***** DATA SHOWN

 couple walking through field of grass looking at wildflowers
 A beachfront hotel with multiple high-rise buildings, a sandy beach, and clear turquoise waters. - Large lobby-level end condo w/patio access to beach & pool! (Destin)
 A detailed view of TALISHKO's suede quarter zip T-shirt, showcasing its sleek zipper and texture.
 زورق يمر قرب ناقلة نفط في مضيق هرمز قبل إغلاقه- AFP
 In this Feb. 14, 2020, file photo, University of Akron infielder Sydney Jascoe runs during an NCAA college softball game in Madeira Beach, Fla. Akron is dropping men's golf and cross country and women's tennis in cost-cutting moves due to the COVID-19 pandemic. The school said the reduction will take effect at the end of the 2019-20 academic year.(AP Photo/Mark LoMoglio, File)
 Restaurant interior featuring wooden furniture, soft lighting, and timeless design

**********
***** DATA SHOWN

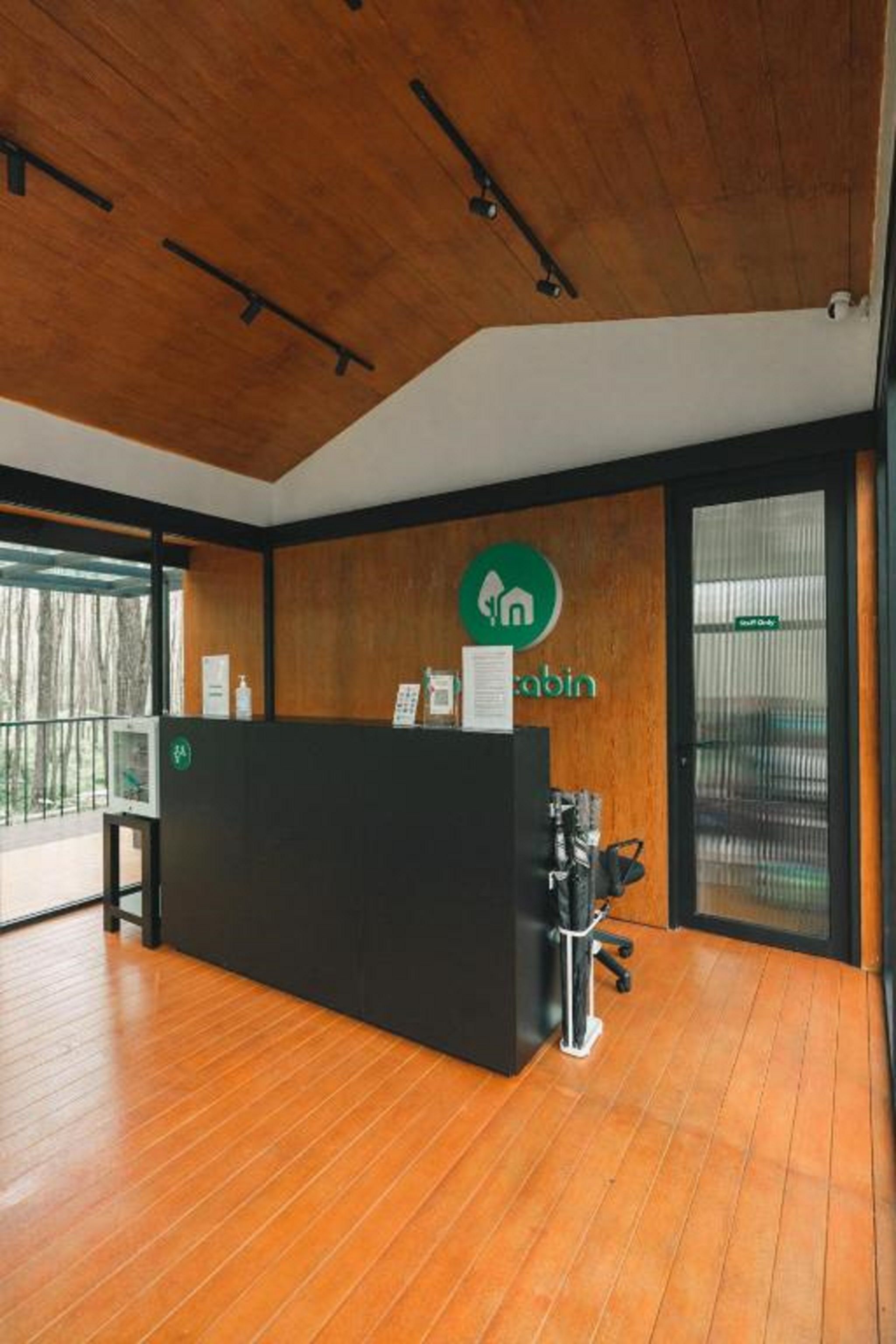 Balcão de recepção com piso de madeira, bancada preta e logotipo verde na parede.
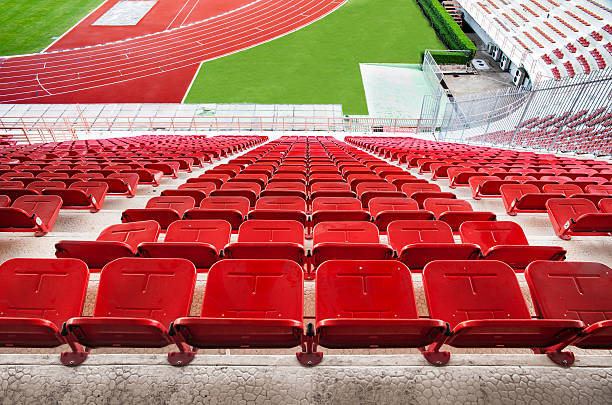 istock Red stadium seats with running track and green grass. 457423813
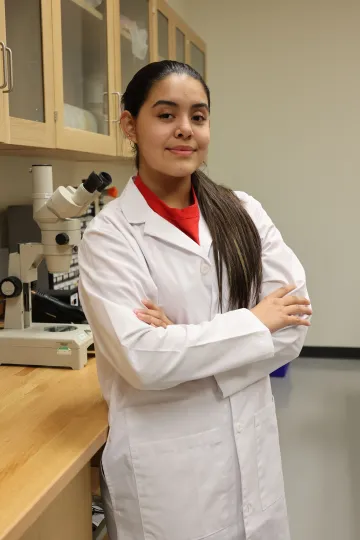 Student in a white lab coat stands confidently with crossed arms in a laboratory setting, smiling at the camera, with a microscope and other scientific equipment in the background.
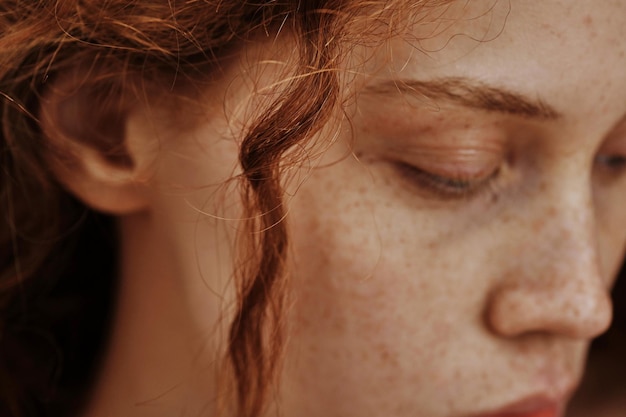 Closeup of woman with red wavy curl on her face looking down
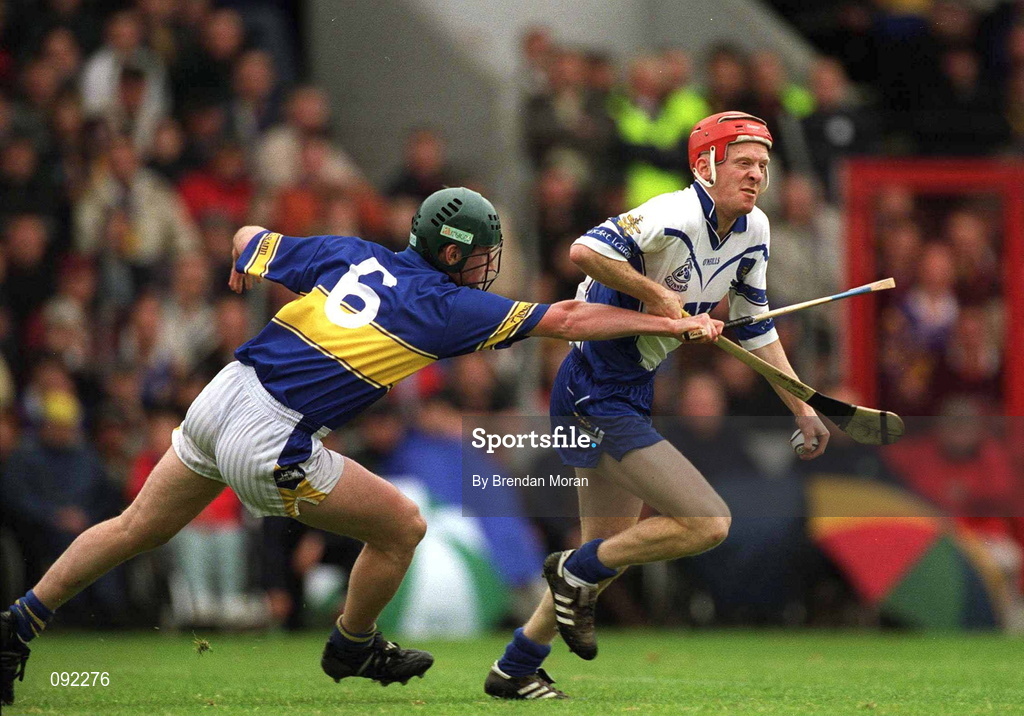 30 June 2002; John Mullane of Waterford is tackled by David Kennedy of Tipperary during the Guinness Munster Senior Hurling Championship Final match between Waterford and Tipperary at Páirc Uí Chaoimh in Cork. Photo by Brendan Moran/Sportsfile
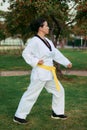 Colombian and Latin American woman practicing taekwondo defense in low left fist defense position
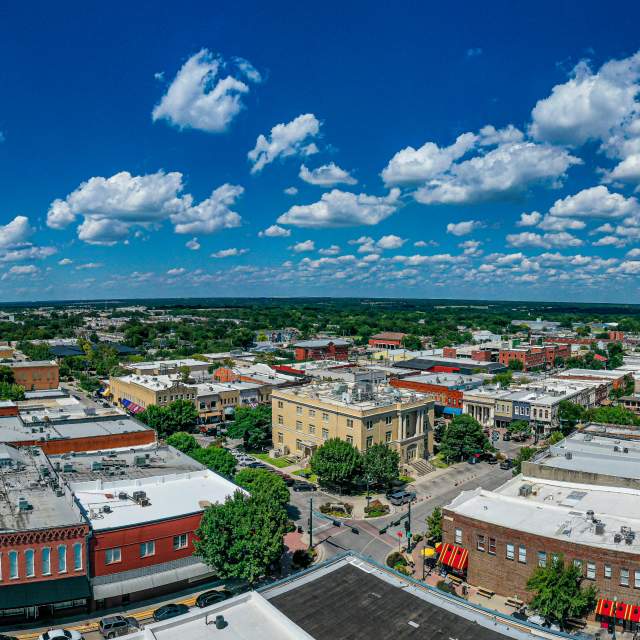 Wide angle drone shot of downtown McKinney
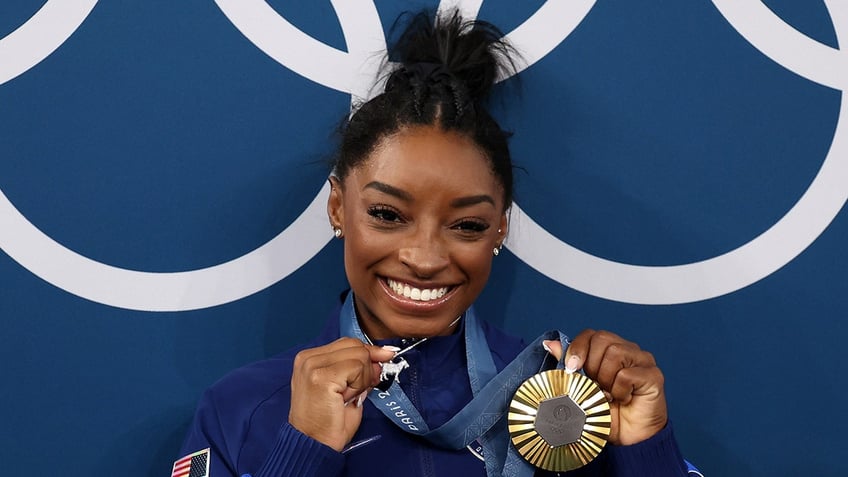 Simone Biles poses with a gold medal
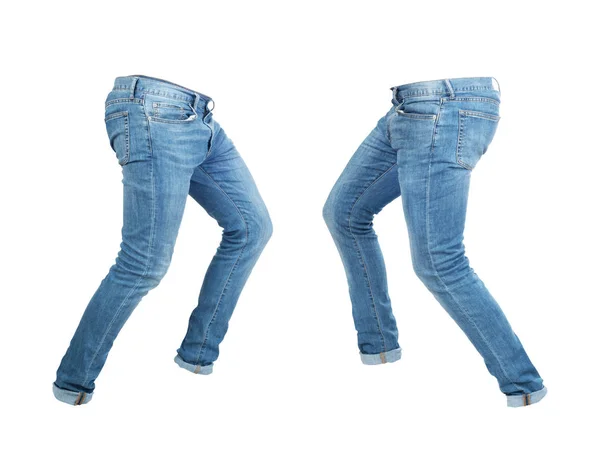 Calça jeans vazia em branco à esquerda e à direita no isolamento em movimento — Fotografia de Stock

**********
***** DATA SHOWN

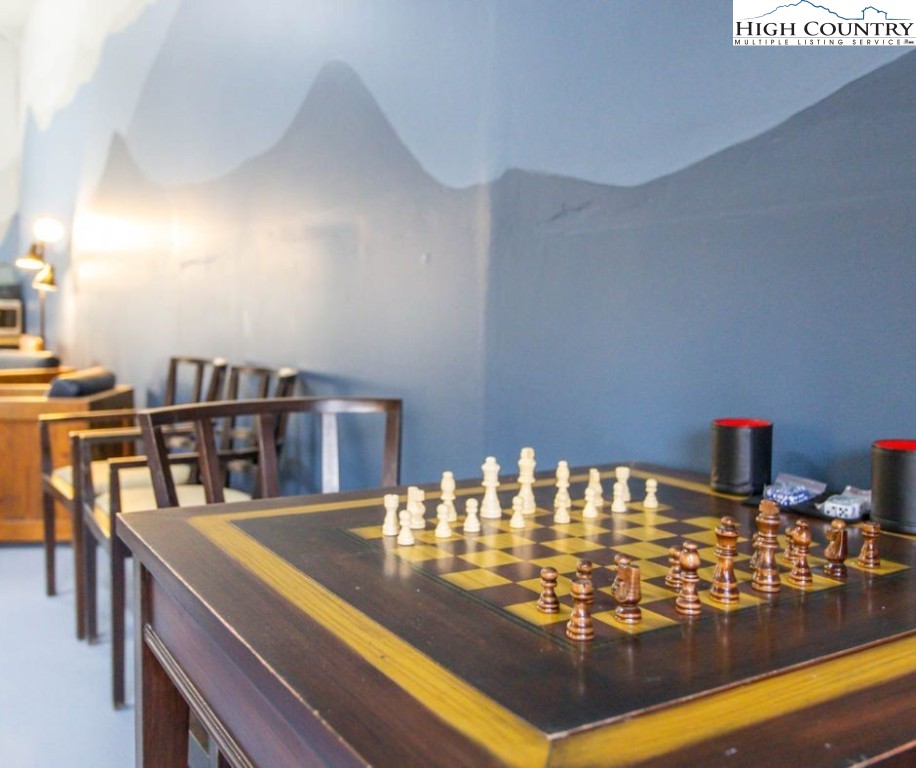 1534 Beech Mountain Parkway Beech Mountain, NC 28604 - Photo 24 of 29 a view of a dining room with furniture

**********

[AIM OF THE TASK]
Among the records above, only the lines between the line holding "couple walking through" and the line holding "زورق يمر قرب", inclusive, are to be output, exactly as written.

[TASK RESULT]
 couple walking through field of grass looking at wildflowers
 A beachfront hotel with multiple high-rise buildings, a sandy beach, and clear turquoise waters. - Large lobby-level end condo w/patio access to beach & pool! (Destin)
 A detailed view of TALISHKO's suede quarter zip T-shirt, showcasing its sleek zipper and texture.
 زورق يمر قرب ناقلة نفط في مضيق هرمز قبل إغلاقه- AFP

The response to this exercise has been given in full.